# WHAT YOU HAVE TO DO
In the listing that follows, locate the line containing "com outro olhar" and the line containing "proporcionem uma educação". Retype exactly those two lines and every line between them, and nothing more.

# PROVIDED MATERIAL
◇ ◇ ◇ ◇

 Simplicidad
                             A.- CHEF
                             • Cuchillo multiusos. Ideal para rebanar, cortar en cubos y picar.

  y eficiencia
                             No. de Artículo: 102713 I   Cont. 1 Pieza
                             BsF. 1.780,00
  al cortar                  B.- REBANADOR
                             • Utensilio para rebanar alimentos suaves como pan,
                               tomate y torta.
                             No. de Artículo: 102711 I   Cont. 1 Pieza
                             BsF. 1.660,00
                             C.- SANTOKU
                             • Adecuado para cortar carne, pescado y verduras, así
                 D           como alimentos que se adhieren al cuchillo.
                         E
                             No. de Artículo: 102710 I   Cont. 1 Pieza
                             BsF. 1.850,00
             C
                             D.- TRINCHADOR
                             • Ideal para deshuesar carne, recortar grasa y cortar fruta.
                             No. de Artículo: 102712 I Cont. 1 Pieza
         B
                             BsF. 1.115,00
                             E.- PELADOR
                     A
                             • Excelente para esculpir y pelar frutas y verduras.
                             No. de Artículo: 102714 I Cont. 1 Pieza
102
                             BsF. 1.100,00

◇ ◇ ◇ ◇

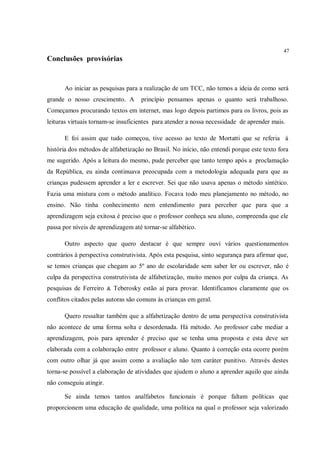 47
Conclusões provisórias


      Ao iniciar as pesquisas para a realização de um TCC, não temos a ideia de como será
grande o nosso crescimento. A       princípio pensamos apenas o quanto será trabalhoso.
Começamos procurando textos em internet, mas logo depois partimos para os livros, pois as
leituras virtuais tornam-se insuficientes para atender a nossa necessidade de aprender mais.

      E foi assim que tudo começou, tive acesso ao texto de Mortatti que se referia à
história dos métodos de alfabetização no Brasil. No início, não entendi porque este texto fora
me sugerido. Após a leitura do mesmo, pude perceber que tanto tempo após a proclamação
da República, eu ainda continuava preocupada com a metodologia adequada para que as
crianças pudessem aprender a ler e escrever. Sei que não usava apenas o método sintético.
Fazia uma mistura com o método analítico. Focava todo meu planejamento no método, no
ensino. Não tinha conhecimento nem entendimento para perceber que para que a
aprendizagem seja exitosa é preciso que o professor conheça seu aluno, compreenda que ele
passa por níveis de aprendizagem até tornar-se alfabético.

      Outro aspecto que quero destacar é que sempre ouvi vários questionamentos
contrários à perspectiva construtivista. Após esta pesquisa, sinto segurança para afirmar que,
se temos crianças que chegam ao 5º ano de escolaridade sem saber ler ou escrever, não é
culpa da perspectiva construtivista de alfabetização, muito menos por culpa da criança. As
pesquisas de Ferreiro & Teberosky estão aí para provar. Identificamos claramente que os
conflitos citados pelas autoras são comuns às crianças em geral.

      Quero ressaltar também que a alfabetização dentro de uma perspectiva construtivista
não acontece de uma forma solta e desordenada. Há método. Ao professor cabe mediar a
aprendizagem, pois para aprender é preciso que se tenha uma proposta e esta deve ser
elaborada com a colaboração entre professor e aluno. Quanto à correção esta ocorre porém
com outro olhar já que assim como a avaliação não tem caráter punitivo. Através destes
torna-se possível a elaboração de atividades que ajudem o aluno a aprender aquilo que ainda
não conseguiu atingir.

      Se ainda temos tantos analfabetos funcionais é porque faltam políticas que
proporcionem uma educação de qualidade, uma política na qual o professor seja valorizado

◇ ◇ ◇ ◇

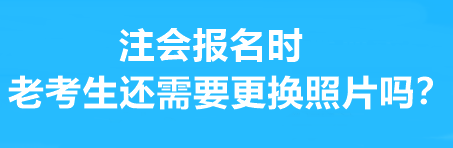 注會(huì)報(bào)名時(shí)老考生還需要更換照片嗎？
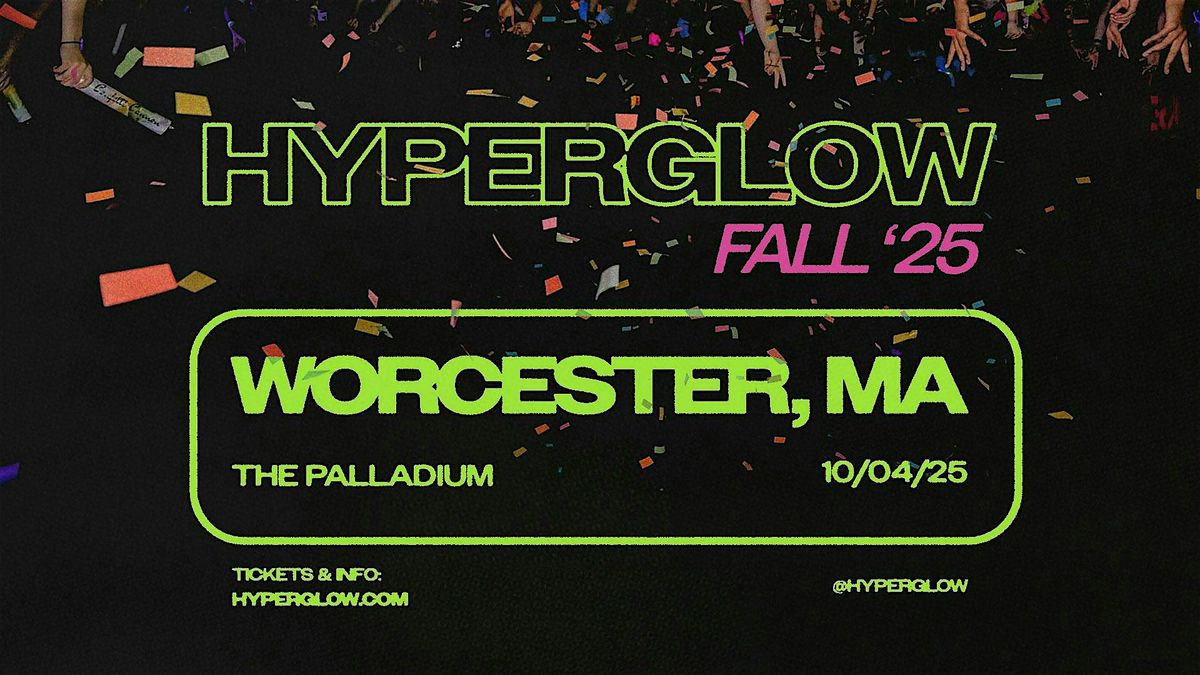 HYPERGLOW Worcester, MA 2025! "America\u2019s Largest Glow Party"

◇ ◇ ◇ ◇

# ANSWER TO THE EXERCISE
com outro olhar já que assim como a avaliação não tem caráter punitivo. Através destes
torna-se possível a elaboração de atividades que ajudem o aluno a aprender aquilo que ainda
não conseguiu atingir.

      Se ainda temos tantos analfabetos funcionais é porque faltam políticas que
proporcionem uma educação de qualidade, uma política na qual o professor seja valorizado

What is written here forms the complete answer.